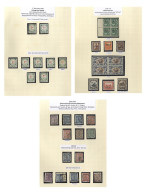 1899-1981 Collection Of Express, Postage Dues, Life Insurance (Lighthouse Stamps) & Officials In An Exeter Album Incl. E - Sonstige & Ohne Zuordnung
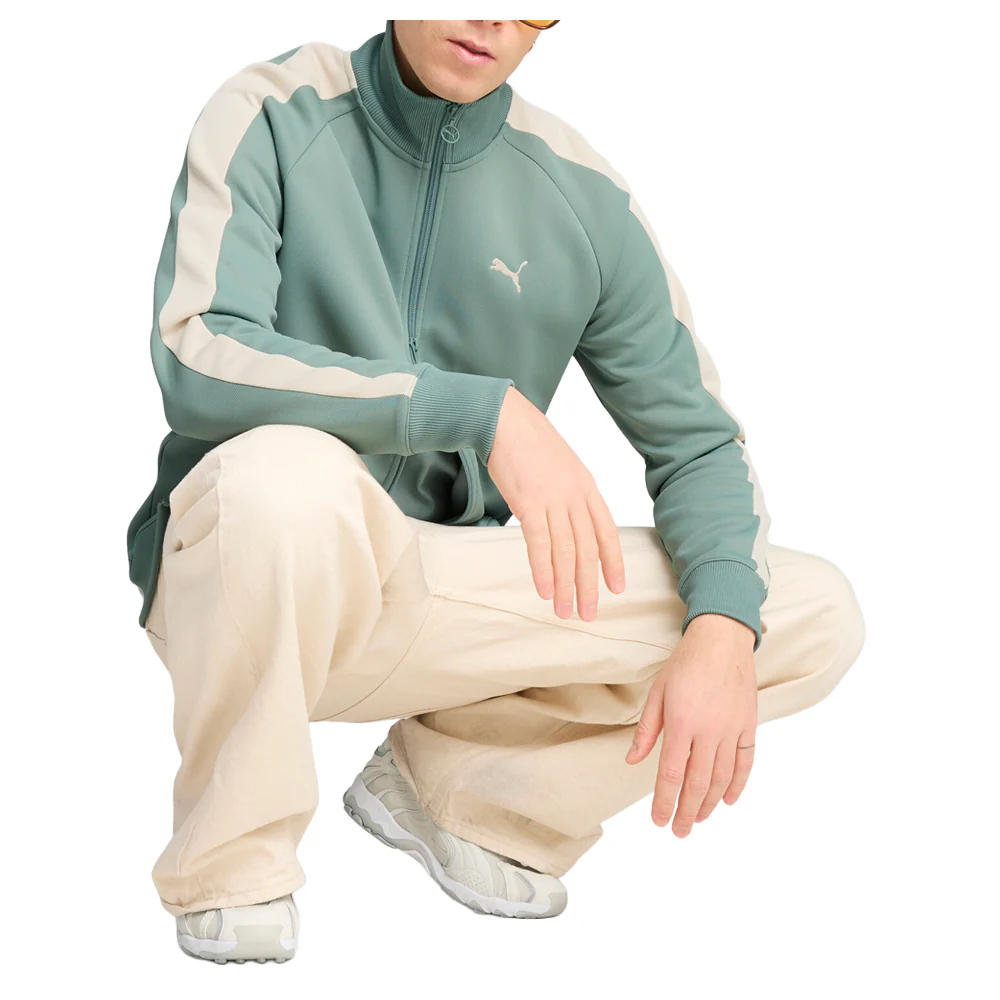 T7 Always On Full Zip Track Jacket - Image 5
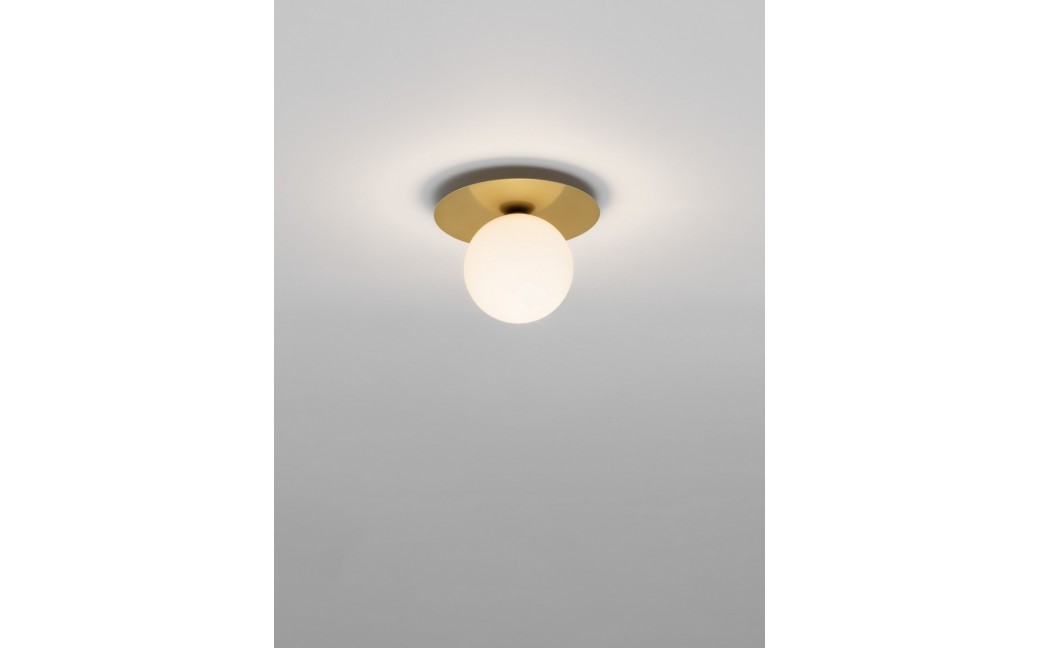 Luces Exclusivas BALCON Sufitowa Nowoczesna złoty i odcienie złota 1xG9 max 5W LE43692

..........

The exact lines from the one containing "T7 Always On Full Zip Track Jacket - Image 5" through the end of the data are to be copied, with both ends kept and pictures left out.

• [Exercise result]
 T7 Always On Full Zip Track Jacket - Image 5
 Luces Exclusivas BALCON Sufitowa Nowoczesna złoty i odcienie złota 1xG9 max 5W LE43692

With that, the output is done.